Vail Ski Instructor

Vail - PSIA-certified celebrity spokesmodel shows off jacket and the award-winning form that earned her the coveted PSIA jacket

Vail Scenery:

Vail

Karl Kelman skiing Vail:

Karl Kelman skis Powerline Glade at Vail

Vail Ski Trip 2009

Hiker's Commentary

I've skied Vail before; quite a few times, in fact. I've usually had lunch on those days too. What was different about Friday at Vail was the slippers at lunch. Thanks to my client/ski instructor, we got into the exclusive (hoytie toytie) Game Creek Club where you can take off your ski boots and slip into some club-provided slippers. Ahh, the luxury.

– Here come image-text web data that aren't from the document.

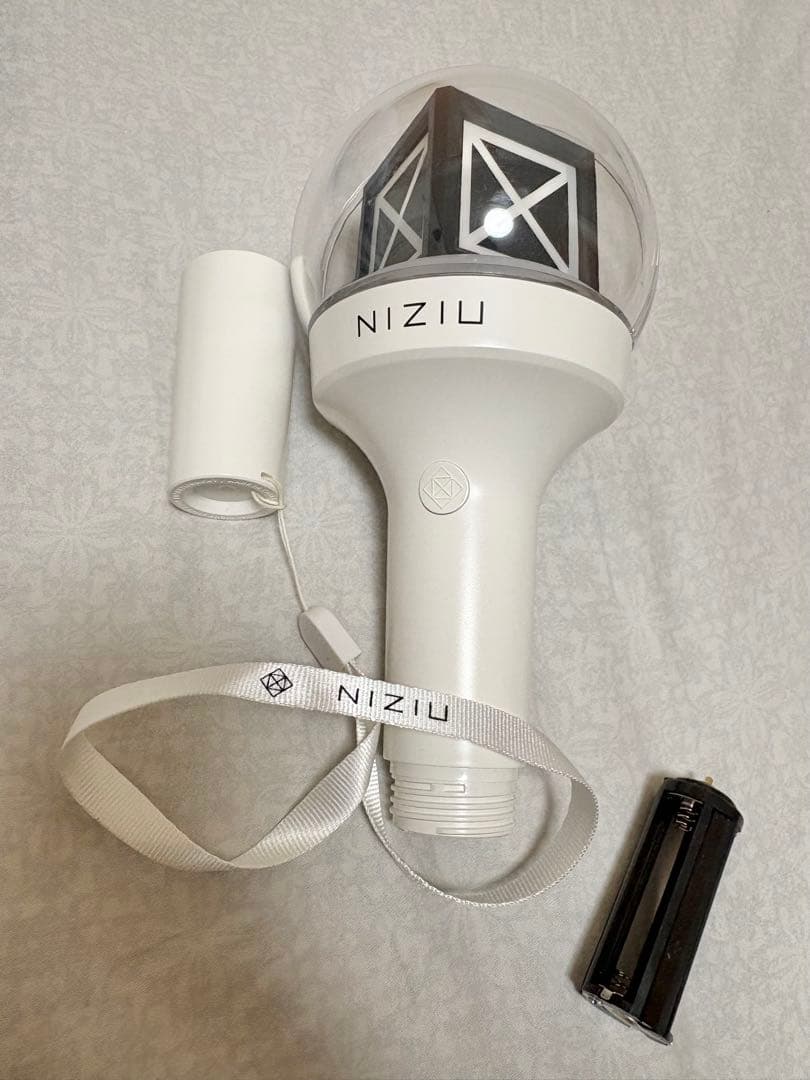 NiziU ペンライト　本体、電池ケースのみ 送料込み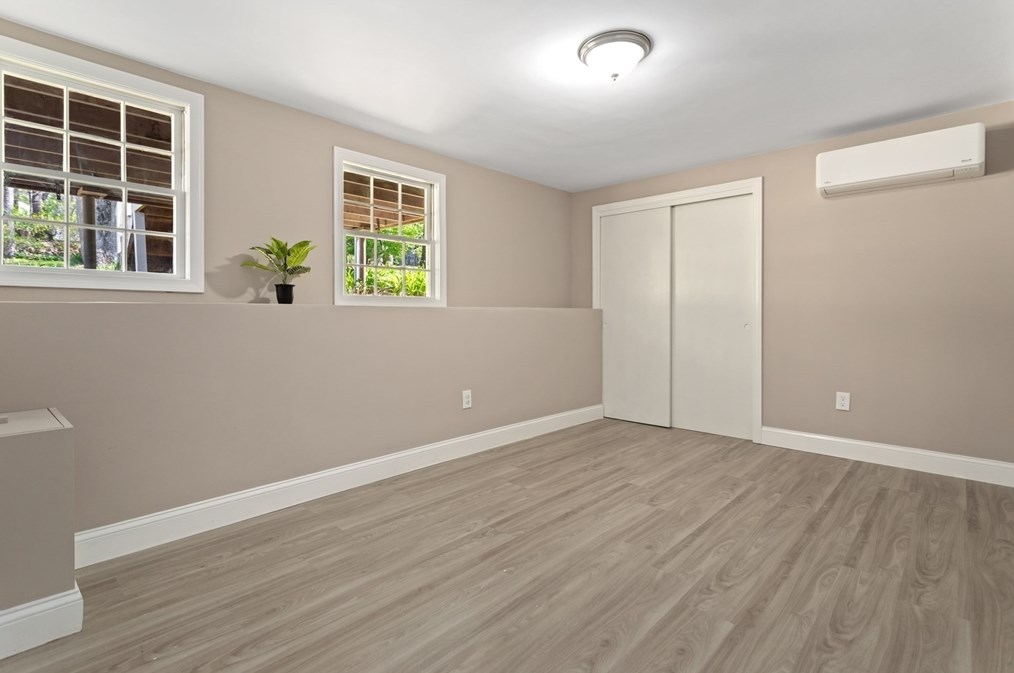 12 Ivanhoe Dr, Lynnfield MA 01940-1739 exterior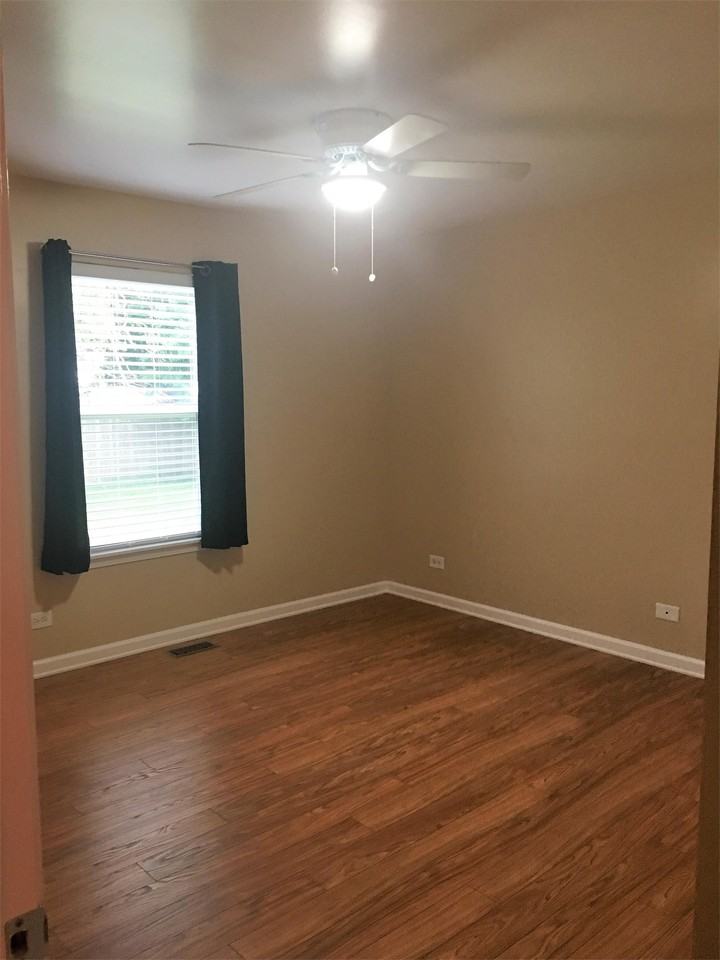 520 Stilson St #1 - Photo 7 of 17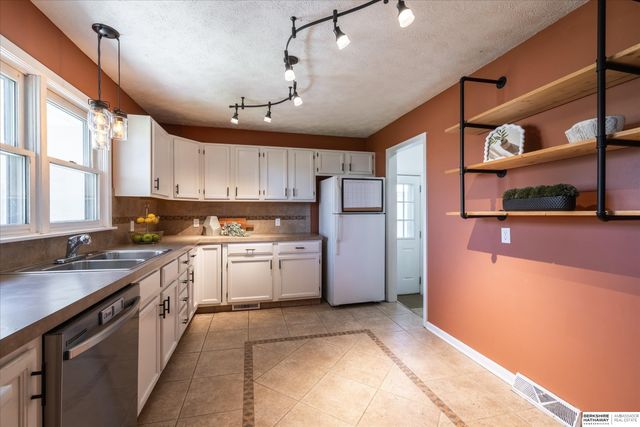 2642 Kendel Drive, Ashland, NE 68003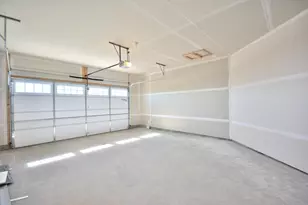 N53W19710 Kingair Dr, Menomonee Falls, WI 53051 - Photo 32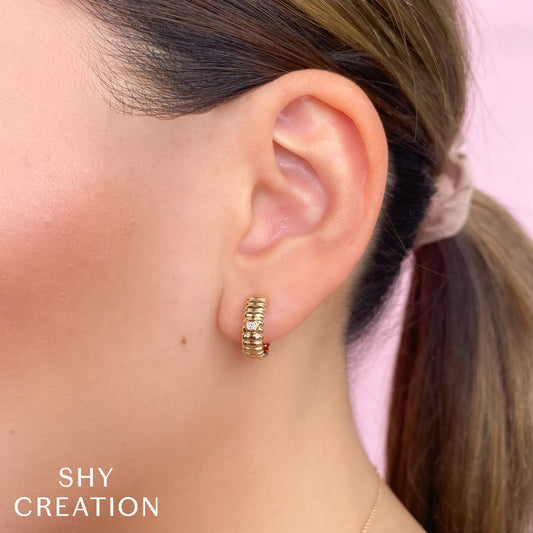 0-05ct-diamond-bezel-hoop-earring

Karl Kelman even behaved himself in the midst of all that splendor. Before we went to the club, he was a little worried that the duct tape on his jacket might invoke sneers, or worse yet, jeopardize his lunch, so he wrapped his duct tape encrusted jacket around his skis outside.

A spring blizzard in Denver had shut down commerce on Thursday afternoon and threatened to do so again on Friday, so, taking a cue from Mother Nature, we decided to go with the flow and go skiing instead of going to work. It worked. Besides Karl, two of the worker bees from work came along too; The Instructor and I Can Keep Up. About 3 feet of snow the prior four or five days set things up pretty well. We found a few places that were still untracked, but just about everything was soft. Including the slippers.

The Duel

"certified PSIA instructor"

I'm still waiting for the bump-off between The Instructor and The Hiker after The Instructor threw down the gauntlet with the immortal line during a slope-side discussion of the pinky toe:

"Which of us has spent years as a Certified PSIA Ski Instructor?"

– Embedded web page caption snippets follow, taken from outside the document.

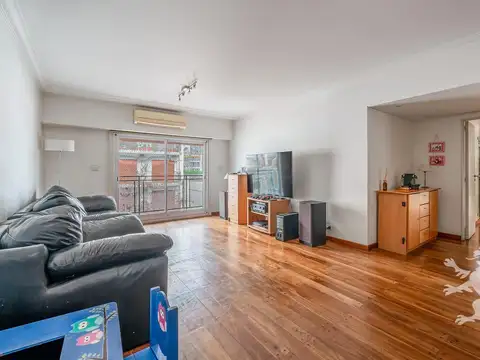 LUMINOSO DEPARTAMENTO REFACCIONADO - VENTA - 4 AMBIENTES - COCHERA FIJA - VILLA URQUIZA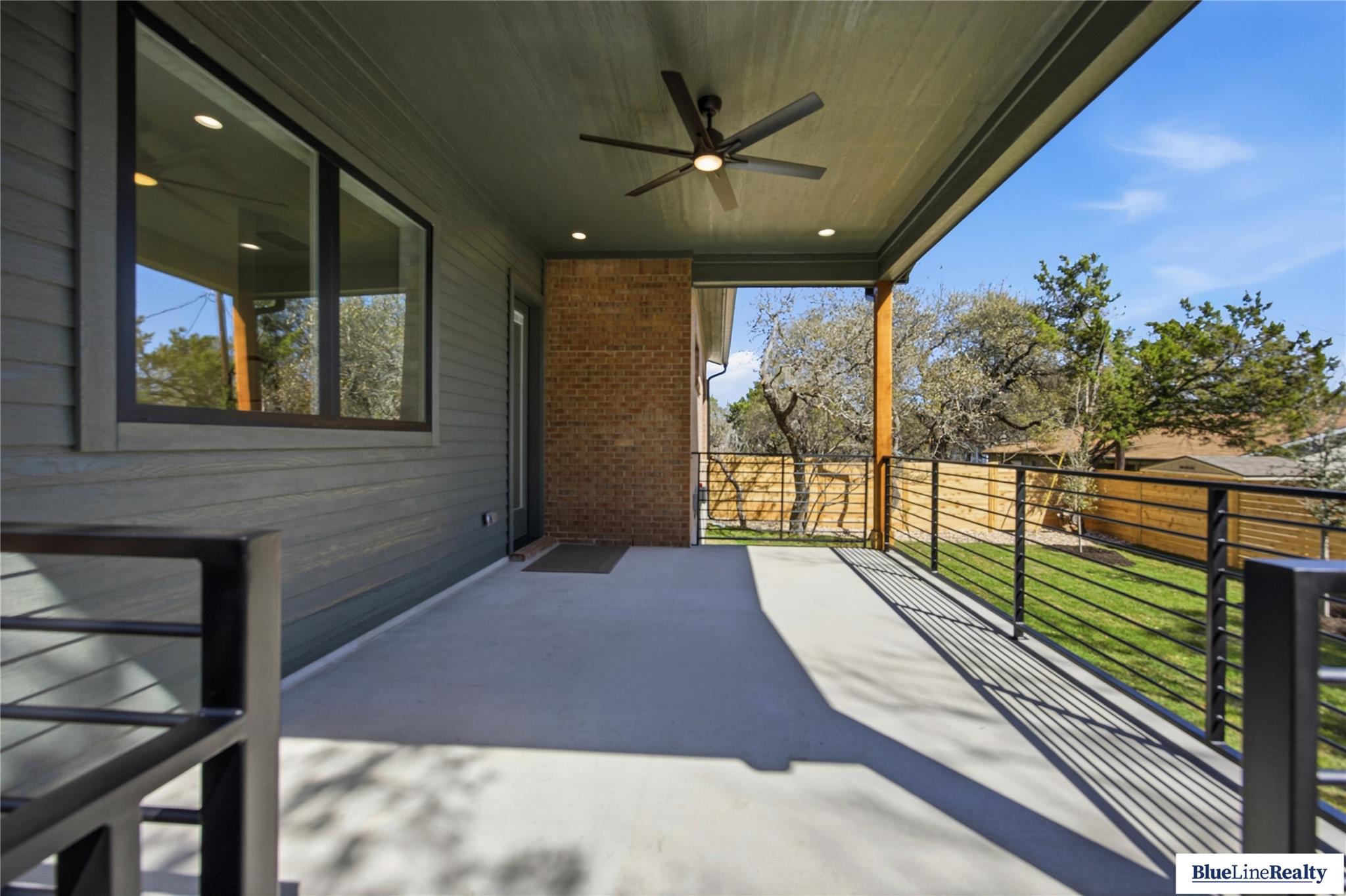 18305 Lake Oaks Dr Property Photo 6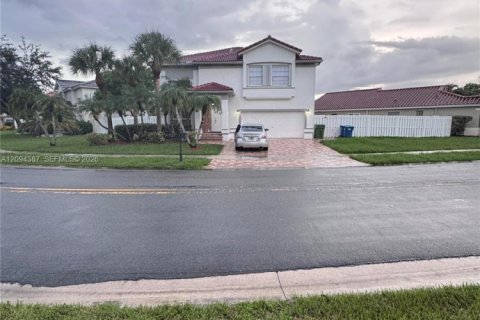 Casa en venta en Weston, Florida, 5 dormitorios, 229.1 m2 № 2388427 - foto 2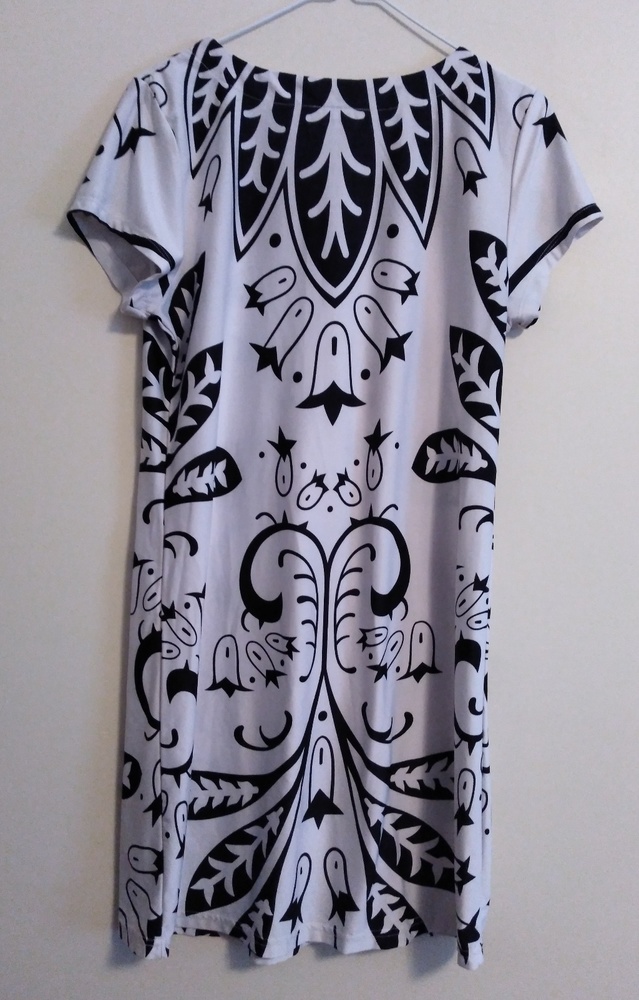 🌞Hypnotik Black & White Tribal Print Dress Size L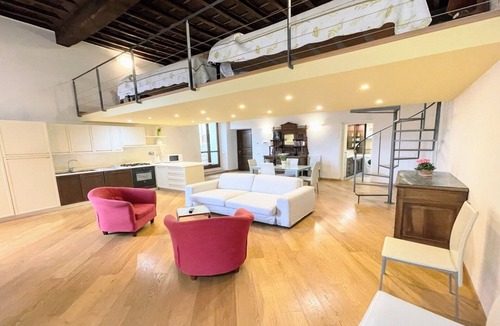 Spoleto Apartment | TERRAZZA DUOMO, SLPS 6, PEDESTRIAN CENTRE, 2 TERRACES + SENSATIONAL VIEWS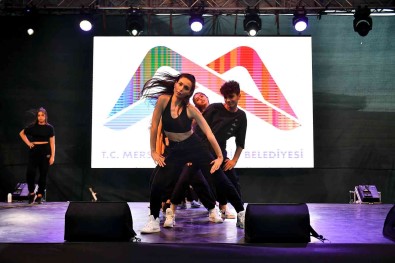 19 Mayis Etkinlikleri 'Dans Show' Ile Noktalandi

It's a great line - Use it in all disputes, like deciding what toppings to get on a pizza, is it faster to take I-225 or E-470 to the airport, etc.)

Or we could Skiercross. I suppose, as the injured party (and certainly, by mentioning the unmentionable P-nky T-e in The Hiker's presence, when the lower digits are not part of The Hiker Method, he is the injured party!), the choice should be Hiker's.

The History of Duelling (sic), J. G. Millingen, M.D. F.R.S, 1841:

Rule #7 The offended party has the choice of arms.

Rule #8: When the offence has been of the a degrading nature, or involves the outward-most digit of the foot, the offended has the right to name both arms and duel.

Personally, I'd favor a Chinese Downhill on Marmot at Loveland, but that's purely for my amusement as a spectator.